Without debate, the Senate on Thursday approved a potentially far-reaching bill that would require businesses to tell customers that they have released information about them to marketers in the past or plan to in the future.
Upon a customer’s demand, businesses would have to identify the actual or likely sources of the released information during the past year, provide copies of the documents and reveal who received them and when. Plans to release such information would also be subject to disclosure.
The bill, SB 27, by Sen. Liz Figueroa (D-Fremont) was sent to the Assembly on a 26-13 vote. She had scarcely presented the bill when President Pro Tem John Burton (D-San Francisco) ordered it put to a vote without questions or debate.
It was sponsored by the California Public Interest Research Group, a consumer advocacy organization, and opposed by insurance companies, banks and direct marketers.
Figueroa said consumer advocates say that if the proposal becomes law, it will be the toughest of its kind in the country. It would apply to third-party businesses and not to affiliates, subsidiaries or other members of a company’s family of businesses.
Opponents have argued that they already operate under adequate privacy protection restrictions and are bracing for expected additional restraints this session. They said the bill would burden them with new regulatory costs and expose them to private lawsuits for damages, civil penalties and attorney fees.
California consumers complain that they are overwhelmed by unwanted advertising solicitations, but are unaware that the sales pitches probably are the result of business relationships they already have with other companies, Figueroa said.
Figueroa has said consumers not only are “powerless to stop such invasions of privacy, they do not even know whether and to what extent it is taking place,” in part, because of increasingly sophisticated technology.
Backers of the legislation, one of many consumer privacy bills working their way through the Legislature, argue that for customers to make informed decisions on which companies to do business with, they should know how those businesses shield or disclose personal information.
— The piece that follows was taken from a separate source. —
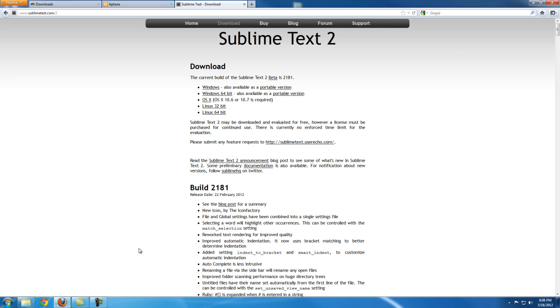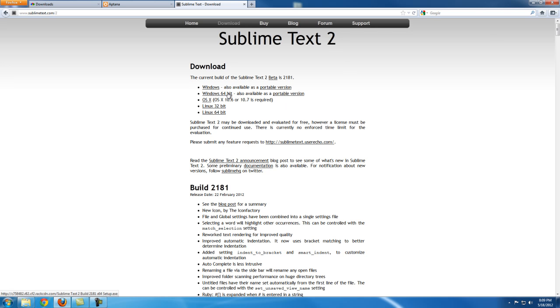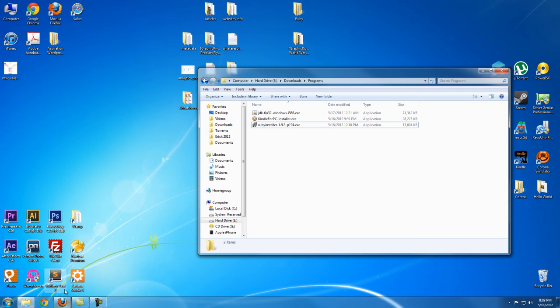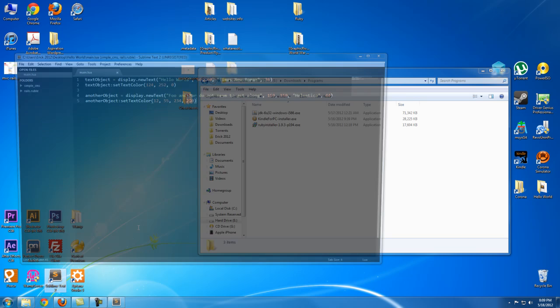I prefer Aptana Studio, but that's up to you. All this text editor wars - it's really a matter of opinion.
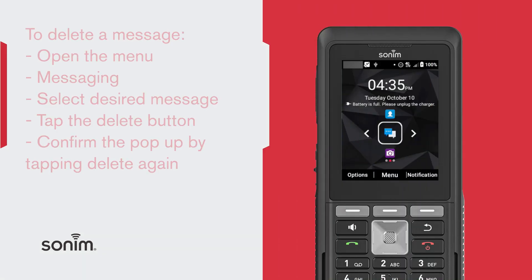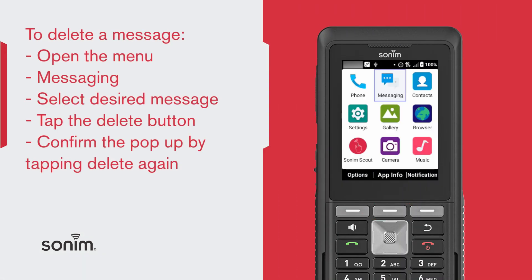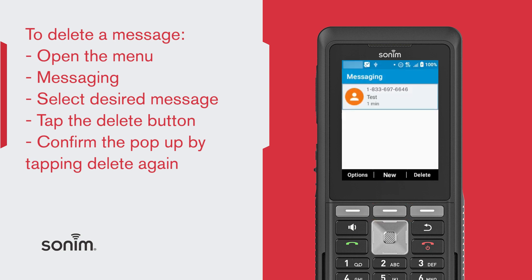To delete a message, from the home screen, select Menu, go to Messaging, and select the message you want to delete, and press the Delete button.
In other action Thursday, the Senate approved the following bills and sent them to the Assembly:
* Soda pop -- Would prohibit the sale of soda pop at elementary schools effective Jan. 1, at middle and junior high schools Sept. 1, 2005, and at high schools Jan. 1, 2006. Currently, removal of sodas from campuses is contingent upon the state making up the loss of revenue from soft drink sales. The bill, SB 677, by Sen. Deborah Ortiz (D-Sacramento) would ban them on certain deadlines regardless of the availability of replacement revenue. The vote was 22 to 15.
* Lawsuits -- Would authorize individual workers to sue their employers for civil penalties for violations of labor laws. The bill, SB 796, also would allow them to recover their costs and attorney fees. Introduced by Sen. Joe Dunn (D-Santa Ana), the bill was approved 21 to 13, the bare majority necessary.
The Assembly passed these bills and sent them to the Senate:
* Movers -- Would give consumers added protection from unscrupulous moving companies by prohibiting haulers from failing to deliver household goods unless permitted to do so by a written contract. “This is a major step in protecting consumers from dishonest movers who deceive customers with low estimates and then hold their belongings hostage on trucks until a ransom is paid,” said Los Angeles City Atty. Rocky Delgadillo, who sponsored the bill, AB 845, by Assemblyman Juan Vargas (D-San Diego). Violators would be subject to three months in jail or a maximum $1,000 fine.
* Shelter -- Would stiffen the penalties for companies that use illegal financial arrangements to avoid paying state and federal taxes. The bill, AB 1601, by Assemblyman Dario Frommer (D-Los Feliz) would boost the penalty for promoting an illegal tax shelter from 25% of the total amount invested by all investors to 50%. It also would set the penalty for failing to register a tax shelter with the state Franchise Tax Board at 25% of the aggregate investment.
The bill would produce an estimated savings of $5 million to $10 million a year, backers say. It was passed 43 to 28.
Times staff writer Nancy Vogel contributed to this report.